Una mariposa con los colores de la Union Jack (la bandera británica) levanta vuelto al salir de una caja pequeña, decorada con los colores de la Unión Europea, en la revista conservadora The Spectator. Algo así como la liberación, aunque los números pandémicos de la economía arrojen puro quebranto en 2020. El matrimonio pudo consumarse tarde y mal, pero el Reino Unido supo sacarle tajada con los descuentos en la cuota del presupuesto comunitario que consiguió Thatcher en los años ochenta. Cameron, uno de sus sucesores, quebró lanzas con el Partido Popular Europeo. El euro, estrenado en 2002, representó otro punto de fricción.
Si un primer ministro laborista y europeísta como Tony Blair no se atrevió a cambiar la libra esterlina, el siguiente, Gordon Brown, se rehusó en forma terminante a la unión monetaria y jamás ocultó su malestar con la Unión Europea. Londres, a pesar de esos desencuentros, pasó a ser el mayor centro financiero de la zona euro. Lo sigue siendo. En las ampliaciones de la Unión Europea de 2004 y de 2007, con la afiliación de países de Europa central y del Este, la xenofobia creció en forma proporcional en el Reino Unido gracias al partido eurófobo UKIP, ganador en las parlamentarias europeas de 2014. Tres años después respaldó la separación de Cataluña de España.

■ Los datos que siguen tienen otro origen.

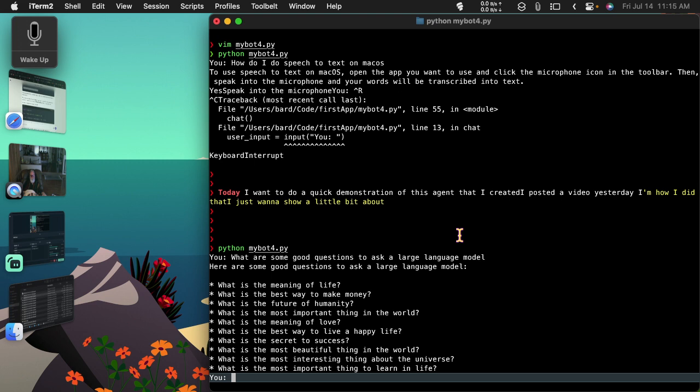But this is it. This is the main idea: that with this very simple program, you can create an agent that you can talk to.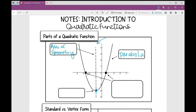We call this lowest or highest point the vertex. All of this is just new vocabulary, and you'll hear me say it a lot through this unit. The last new vocabulary terms I want to introduce are about where the graph crosses the axes. We have our x-axis and our y-axis, and this particular graph crosses the x-axis twice.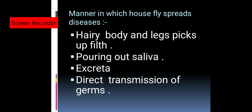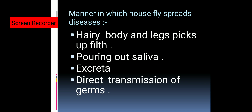Now let's see the manner in which the housefly spreads diseases. The first manner is that its hairy body and legs pick up filth. Filth is the waste material, refuse, or foul material which we commonly discard. You must have seen the housefly near places where waste material is there, excretory material is there, or where a person has openly spat. At such places the housefly is found, and when it sits over the filth its hairy body and hairy legs pick up that filth.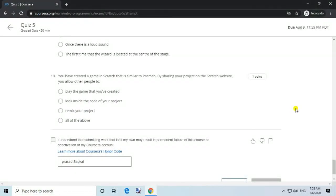Question 10. You have created a game in Scratch that is similar to Pac-Man. By sharing your project on the Scratch website, you allow other people to: answer, all of the above.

Gracias al Brexit, un oficio en decadencia desde 1993 si de la Unión Europea se trataba, el de despachante de aduana, volverá a ser requerido en el Reino Unido. La licencia de conducir de británicos y europeos deberá ser internacional. Desde octubre de 2021, unos y otros deberán presentar sus pasaportes en los controles de migraciones. Termina el roaming para los llamados internacionales, superados por las redes sociales. Y las mascotas, sean perros o gatos, deberán viajar con certificados de buena salud acaso más estrictos que los requeridos a las personas a raíz de la peor peste que ha padecido esta generación y las anteriores. La del coronavirus con sarpullidos de nacionalismo.